Business Tax Liability

The House also agreed to the Senate proposal to establish a commission to study ways to reduce the business profits tax credit carry forward which now is approaching $300 million.

The money comes from overpayment of taxes by corporations, and has grown rapidly, noted Rep. Norm Major, R-Plaistow, the chair of House Ways and Means.

He said just a few years ago the figure was $140 million, and added the current figure is “good percentage.” of business profits tax collections.

He said if the corporations asked for their money back it would mean a “big hole” in the state budget.

Morse said he would like the corporations to consider using some of their credits to create affordable housing for employees as Dartmouth-Hitchcock Medical Center has proposed in Lebanon.

He said the corporations could help to address the affordable housing issue, not leave it all up to the state.

But he said the legislature will need to address the issue in greater detail next session.

“The legislature could apply housing credits,” he said, “and work with companies to bring down the $280 million in a manner that is good for New Hampshire.”

Highway Fund Aid

The House agreed with the Senate plan to put $50 million of general fund money into the Highway Fund, which will end the biennium with only about $1 million.

The fund not only pays for Department of Transportation operations, the Department of Safety, Attorney General’s Office and judicial system, and also taps the funds derived from fuel sales and vehicle registrations.
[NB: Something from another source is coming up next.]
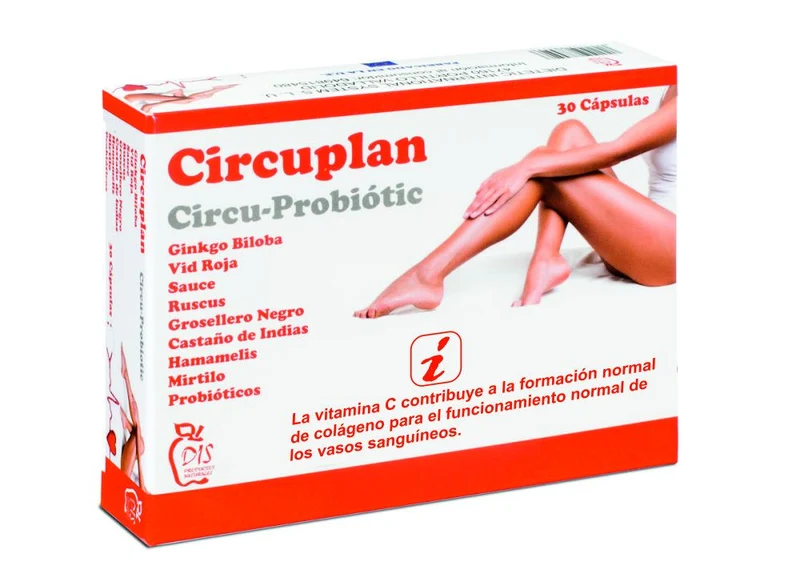 Circuplan · DIS · 30 cápsulas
“The Highway Fund is broke,” said Morse.

The House also agreed to reimburse the federal highway fund $7 million for the scrapped Conway bypass project, and that will allow $29 million in federal funds to flow to the state.

And similarly, the House agreed to spend $7 million as a match to receive $20 million in federal transportation money. The state once used turnpike maintenance credits for the match, but can no longer do that.

Secure Psychiatric Unit

The House also agreed to the Senate plan to spend $30 million for a new secure psychiatric hospital on New Hampshire Hospital grounds.

Rosenwald was concerned the provision allows for a private contractor to run the facility. 

But Morse said operations of the facility are still to be determined and would need legislative approval in the future. It is important to begin construction to help reduce the number of adults and children waiting in hospital emergency rooms for in-patient treatment at New Hampshire Hospital, he said.

The conference committee meets again at 1 p.m. Tuesday to continue discussing unresolved items.